BEGIN Given entries
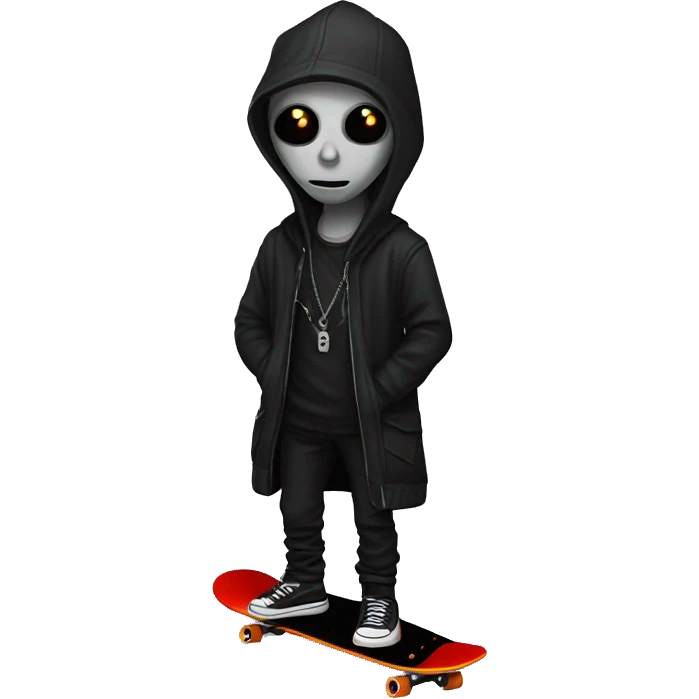 Skateboard gothic emoji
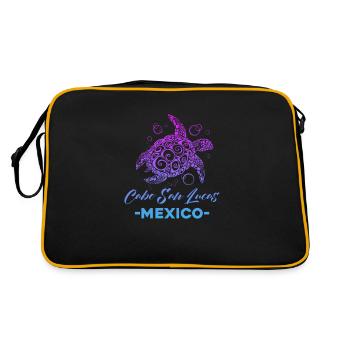 Mexique Cabo Mexican Nation Cadeau - Sac Retro - noir/or - Dos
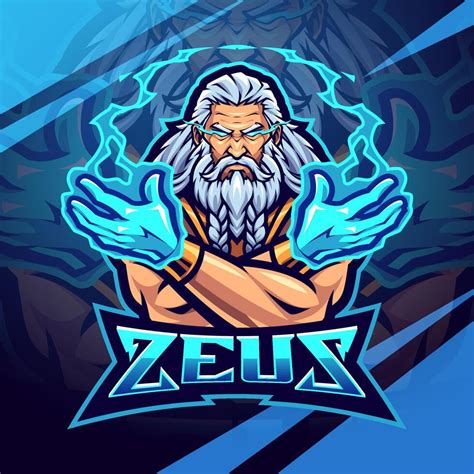 Zeus esport mascot logo design 37275670 Vector Art at Vecteezy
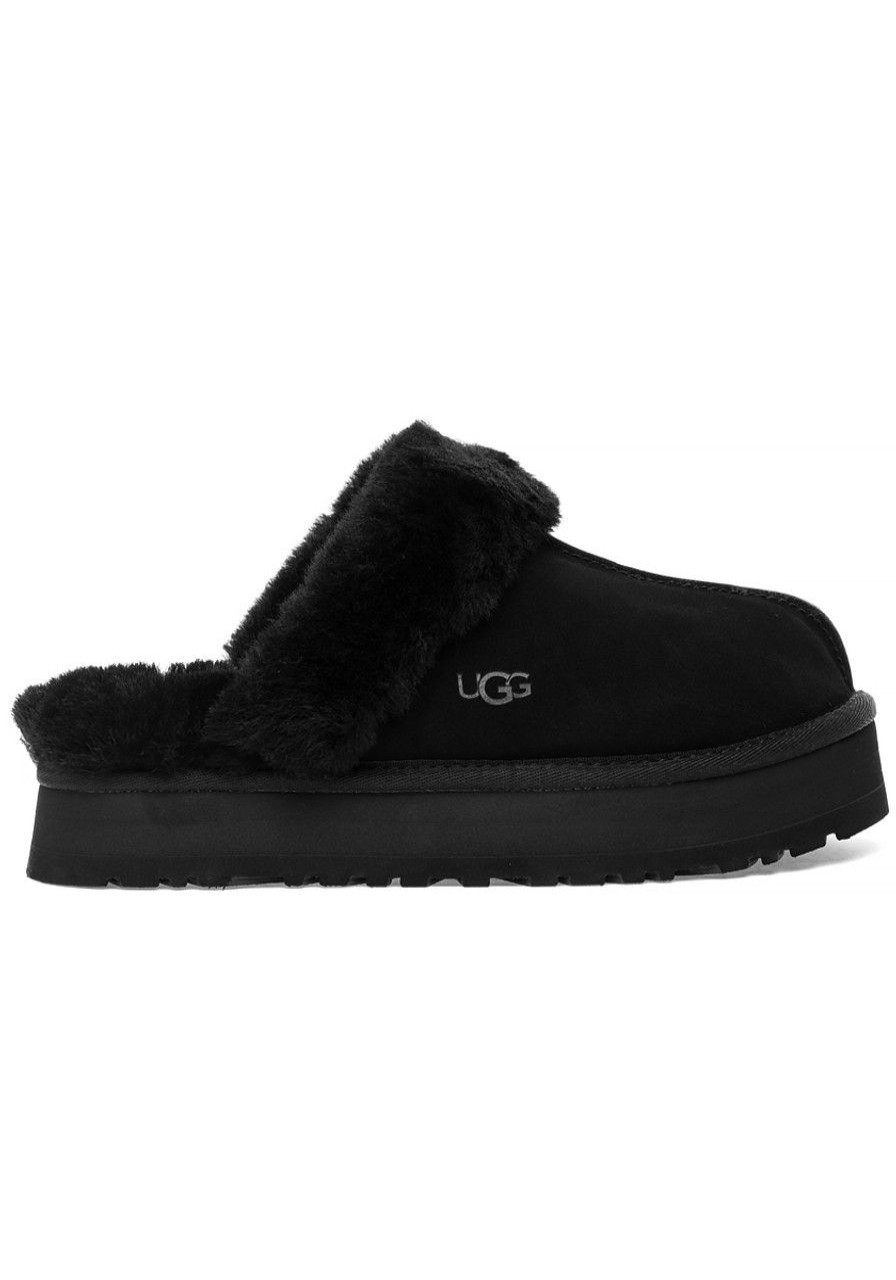 Women UGG® Slippers | Disquette Slipper Black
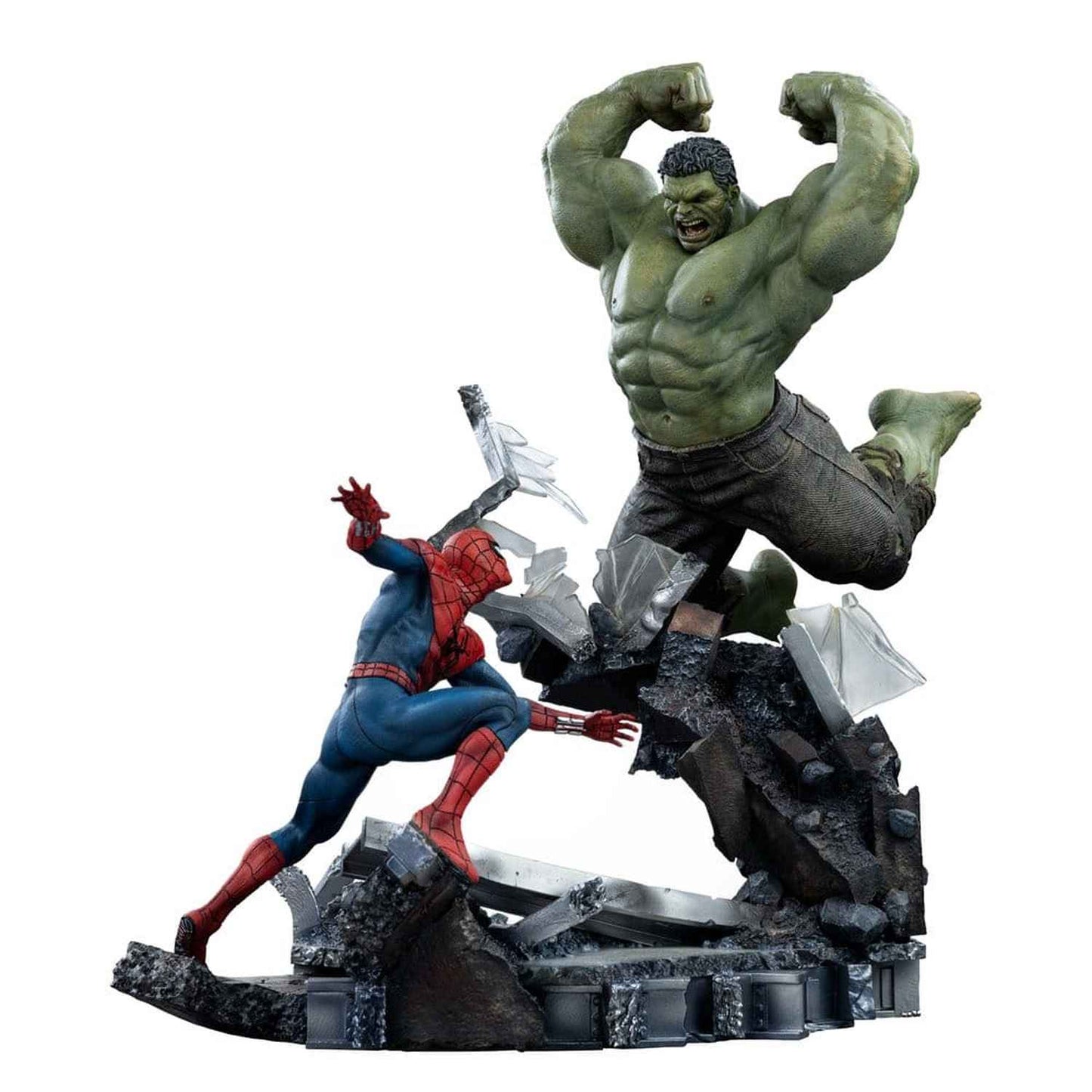 Iron Studios Marvel - Spider-Man vs Hulk Art Scale 1/10 - Statue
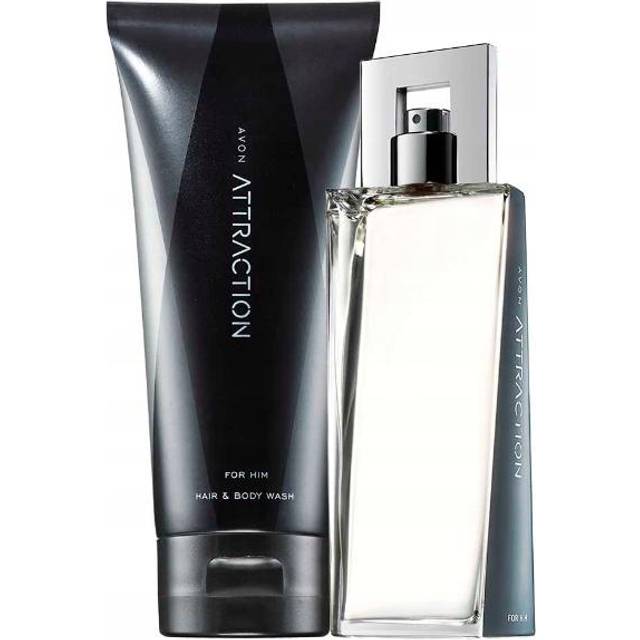 Avon Attraction Gift Set For Him - Eau de Toilette and Shower Gel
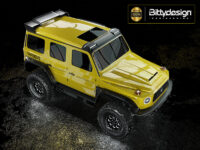 BittyDesign W464 1/18 Clear Body TRAXXAS TRX-4M Pre-cut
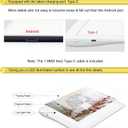 A4 Rechargeable LED Tracing Light Box with Carry Bag, ELICE Wireless Battery Powered Light Pad Artcraft Lightpad Cordless Light Board for Diamond Painting Drawing Sketching Weeding Vinyl (White)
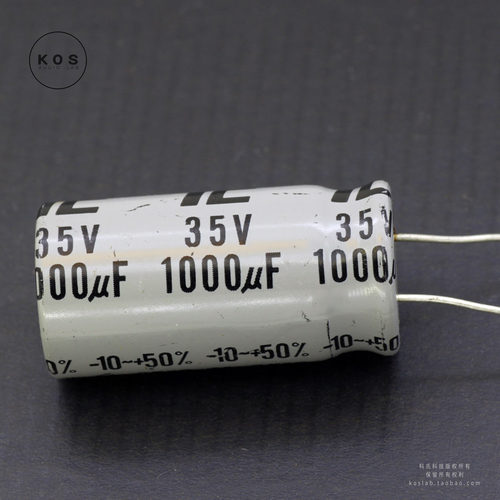KOS TECH | 美国1000uF 35V IC 伊利诺 RAR 硬底 低漏电发烧电容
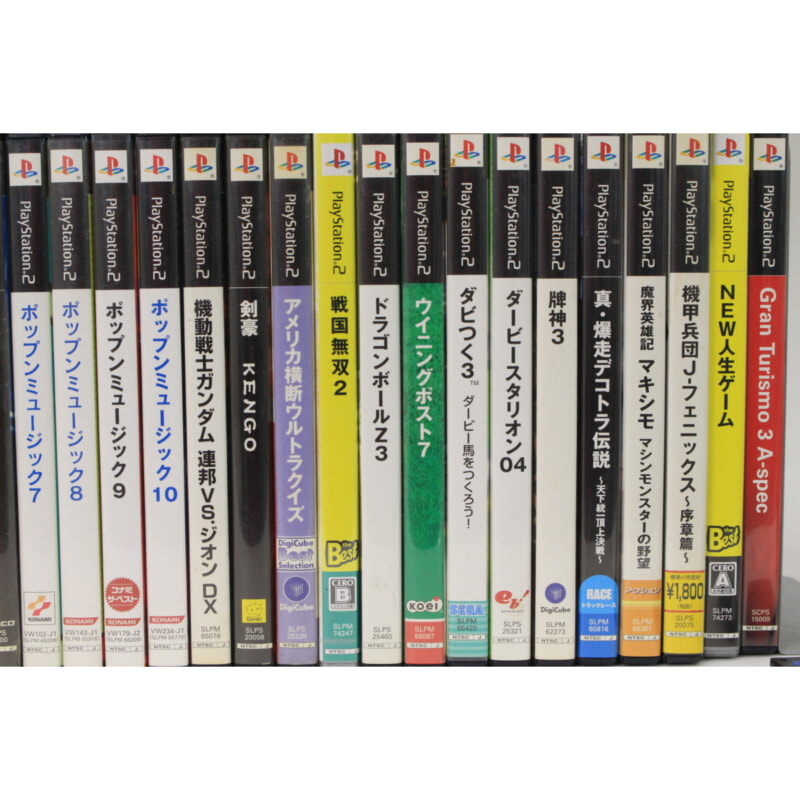 SONY PlayStation2（PS2） SCPH-90000 本体 + ソフトの画像1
END Given entries
# Your instructions
Leaving the pictures out, write out all the material above exactly.

# Task solution
 Skateboard gothic emoji
 Mexique Cabo Mexican Nation Cadeau - Sac Retro - noir/or - Dos
 Zeus esport mascot logo design 37275670 Vector Art at Vecteezy
 Women UGG® Slippers | Disquette Slipper Black
 Iron Studios Marvel - Spider-Man vs Hulk Art Scale 1/10 - Statue
 Avon Attraction Gift Set For Him - Eau de Toilette and Shower Gel
 BittyDesign W464 1/18 Clear Body TRAXXAS TRX-4M Pre-cut
 A4 Rechargeable LED Tracing Light Box with Carry Bag, ELICE Wireless Battery Powered Light Pad Artcraft Lightpad Cordless Light Board for Diamond Painting Drawing Sketching Weeding Vinyl (White)
KOS TECH | 美国1000uF 35V IC 伊利诺 RAR 硬底 低漏电发烧电容
 SONY PlayStation2（PS2） SCPH-90000 本体 + ソフトの画像1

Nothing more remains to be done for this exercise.